No regresso a Moscou, enfrentamos a nossa primeira onda de frio, ainda que apenas uma pequena amostra, com os termômetros a registrar vinte graus negativos. É com essa temperatura que o frio começa a infligir algum suplício ao corpo humano, o contato com ar queimando a pele. Perde-se a sensibilidade na ponta do nariz e as orelhas ficam tão geladas que dá a impressão que iriam se partir como um cristal de gelo se alguém desse um estalo com o dedo. Na Rússia, até uma certa temperatura, a vida transcorre normalmente, as pessoas vão ao trabalho e os estudantes às escolas e universidades, ninguém deixa de fazer nada por causa do frio. Quando a temperatura desce aos vinte graus negativos, os alunos da primária ficam em casa. Com o meu filho, eu controlava a temperatura com o auxílio de um termômetro do lado de fora da janela, pois, apesar do inverno, aconselha-se que as crianças pequenas passeiem todos os dias, para reforçar a imunidade contra os vírus da estação. Até os dezesseis graus negativos, se não estivesse a ventar, eu podia levá-lo a passear por umas duas horas, sem problema, que era o recomendado pelas autoridades sanitárias.

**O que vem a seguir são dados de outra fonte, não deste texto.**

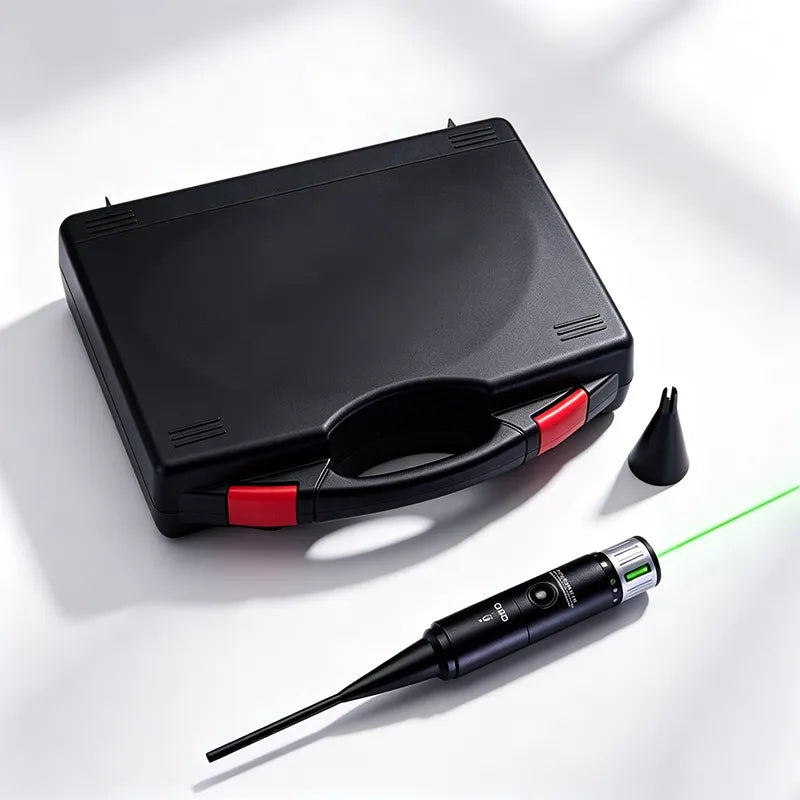AlessTM Laser Bore Sighter Kit for All Calibers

Nos anos que vivi em Moscou, houve alguns invernos mais rigorosos em que a temperatura desceu aos 30-35 graus negativos e por aí manteve-se, umas duas semanas, o que era realmente muito frio. Nestas ocasiões, era grande o risco de congelamento das canalizações de gás da rede de aquecimento central, o que podia provocar rupturas no abastecimento de energia. O reveillon de 1979 foi um dos mais frios do século na Rússia, quando a temperatura desceu aos 42 graus negativos. Nessa ocasião, dezenas de quarteirões em Moscou ficaram sem energia durante umas duas semanas. Eu conheci uma família que me disse que, naqueles dias, tiveram que dormir todos juntos na mesma cama, cheios de cobertas e vestidos com as pesadas roupas de inverno, botas e chapkas incluídas. Por causa do frio, sem poder preparar nada para comer, com qualquer xícara de chá quente congelando em poucos minutos, a família teve que se alimentar de produtos enlatados até que a avaria fosse consertada. Tomar banho, então, foi coisa que ninguém cogitou.